Paper long abstract:
Within the drug treatment and research environment in Denmark the issue of what is treatment has been intensively debated throughout the last decade. This has resulted in several reports recommending how treatment of drug use should be organised. One of the recommendations is that people in treatment should have a case manager. A Campbell review has also recently pointed out that case management is effective in bringing people within the treatment system. It seems that case management is becoming one of the cornerstones in drug treatment in the first part of the twenty first century.

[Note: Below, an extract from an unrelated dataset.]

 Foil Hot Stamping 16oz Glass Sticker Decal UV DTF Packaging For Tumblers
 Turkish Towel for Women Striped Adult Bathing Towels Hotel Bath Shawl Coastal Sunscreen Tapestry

In this paper I will present an ongoing research project in an out patient clinic for people with a dual diagnosis (people with both a psychiatric disorder and a drug use). One of the treatment principles in this clinic is intensive case management (ratio: 1 case manager has 5 to 6 patients). I will focus on the benefits of case management as experienced by the staff. Case management seems to produce a very close relation to the patients that the staff uses to facilitate psychiatric treatment, to avoid and contain aggressive behaviour on part of the patients, to create a standing point in a moral difficult environment there patients talk and live with violence, prostitution and criminality, and last but not least where case management give a possibility for control in a treatment setting where former control through rules of methadone dispensing have been abandoned with reference to the principles of harm reduction.
Paper short abstract:
The paper discusses some characteristics of an anthropology of drug policy. Focus is on how an anthropology of drug policy differ in perspective from drug policy studies in general, and, therefore, in the kind of knowledge that an anthropology of drug policy produces.
Paper long abstract:
Drug policy studies forms part of for example criminological research or policy studies in general. These different knowledge traditions also colour the perspective and methodological aspects of drug policy studies: drug policy research is often reduced to control policy focusing mainly on legislation and the more formal aspects of drug control; and, it is mainly quantitative studies based on documentary evidence, such as numbers of seizures, prosecutions, sentencing, and arrests in relation to drug offences, as well as police activity in relation to drugs. The present paper takes a point of departure in the perspective of both recent and classic drug policy studies, in order to discuss how an anthropology of drug policy can contribute and expand this field of study. In general, the argument will be that an anthropology of drug policy covers drug policy in the broadest sense, including both the formal aspects of legislation and how it is constructed, as well as how legislation is implemented in practice, e.g. how policing is conducted, treatment is formed, prevention is carried out, etc. Examples from a study of drug treatment in Danish prisons and a study of cannabis policy in Denmark forms the empirical examples of discussing how an anthropology of drug policy can contribute with new insights and new perspectives to the field of drug policy studies in general.